Categorical Features: 

- $ \tilde{x}_n = (n) $ : User IDs, such as 2412,5123,6872; 沒有特殊意義，只是個編號
- Blood Type: A, B, AB, O
- Programming Language: C, Golang, Java, Python, ...

Many ML model operate on numerical features

- linear models
- extended linear models such as NNet
- Decision Tree can operate on categorical feature.

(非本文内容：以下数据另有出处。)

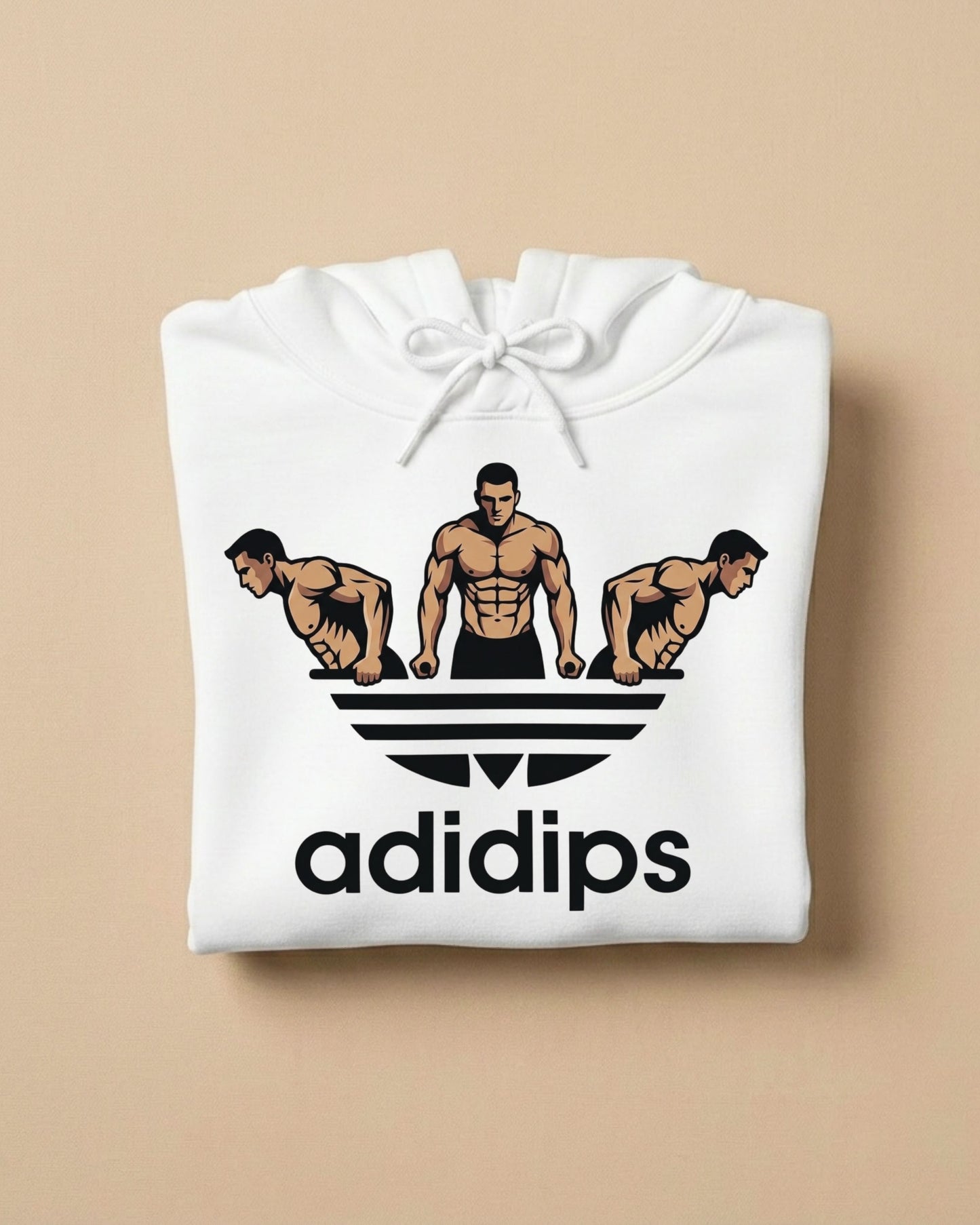 Adidips | Premium Hoodie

NEED: encoding (transform) **from categorical to numerical**

Binary Vector encoding:

$$
A = \begin{bmatrix} 1\\0\\0\\0 \end{bmatrix}, \ \ 
B = \begin{bmatrix} 0\\1\\0\\0 \end{bmatrix}, \ \ 
AB = \begin{bmatrix} 0\\0\\1\\0 \end{bmatrix}, \ \ 
O = \begin{bmatrix} 0\\0\\0\\1 \end{bmatrix}
$$

### Feature Extraction from Encoded Vector

$$
\mathcal{D}_m = \Big\{ \big( \tilde{x}_n = BinaryVectorEncoding(n), y_n = r_{nm} \big) \Big\}
$$

? 問號表示沒有評分

$$
\mathcal{D}_m = \Big\{ \big( \tilde{x}_n = BinaryVectorEncoding(n), y_n = 
\begin{bmatrix}
r_{n1} \\ ? \\ ? \\ r_{n4}  \\ r_{n5} \\ \vdots \\ r_{nM}
\end{bmatrix}
\big) \Big\}
$$

idea: try feature extraction using $ N-\tilde{d}-M $ NNet without all $ x_0^{(\mathcal{l})} $ (為了簡單起見忽略常數項)

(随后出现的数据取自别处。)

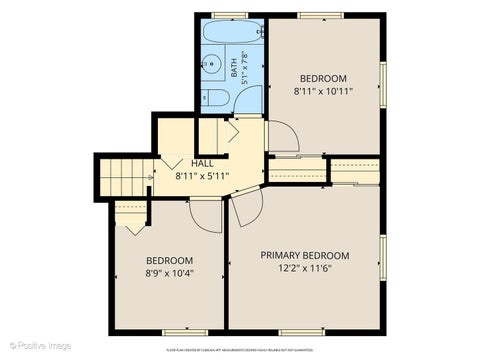Tiny photo for 16843 Briargate Drive, Country Club Hills, IL 60478 (MLS # 12766601)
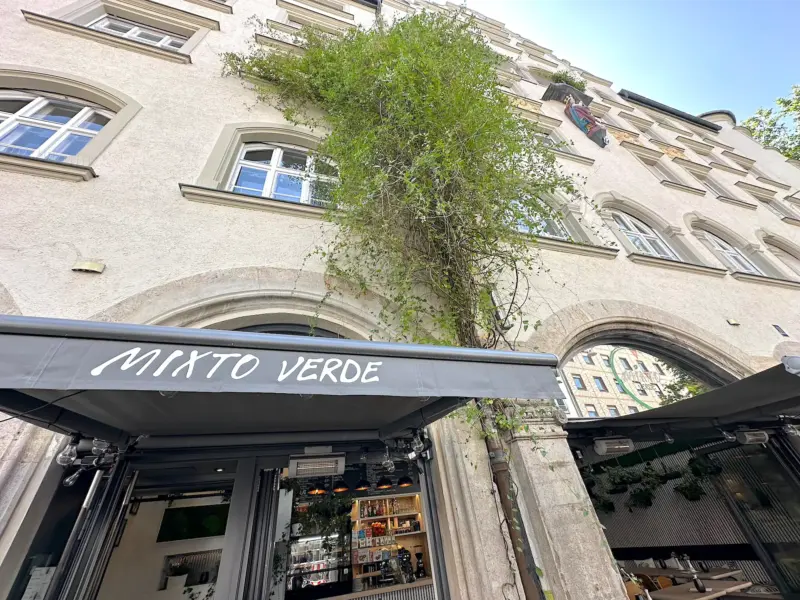 Glutenfrei essen in München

因為 x 是只有一項為 1, 其他項為 0 的向量， NNet 中的 tanh 節點可以直接用 linear, 還是能夠表達單一 x項 的權重。

![img](imgs/c215-matrix-fact-nnet.png)

matrix $ V^T $ of size $ N \times \tilde{d} $

matrix $ W $ of size $ \tilde{d} \times M $

hypothesis: 

$ h(x) = W^T_{M \times \tilde{d}} \ V_{\tilde{d} \times N} \vec{x}_{N \times 1} $

per-user output:

$ h(x_n) = W^T v_n $, where $ v_n $ is n-th column of V, 因为 $ x_n $ 只有一個項是 1, 其他是 0.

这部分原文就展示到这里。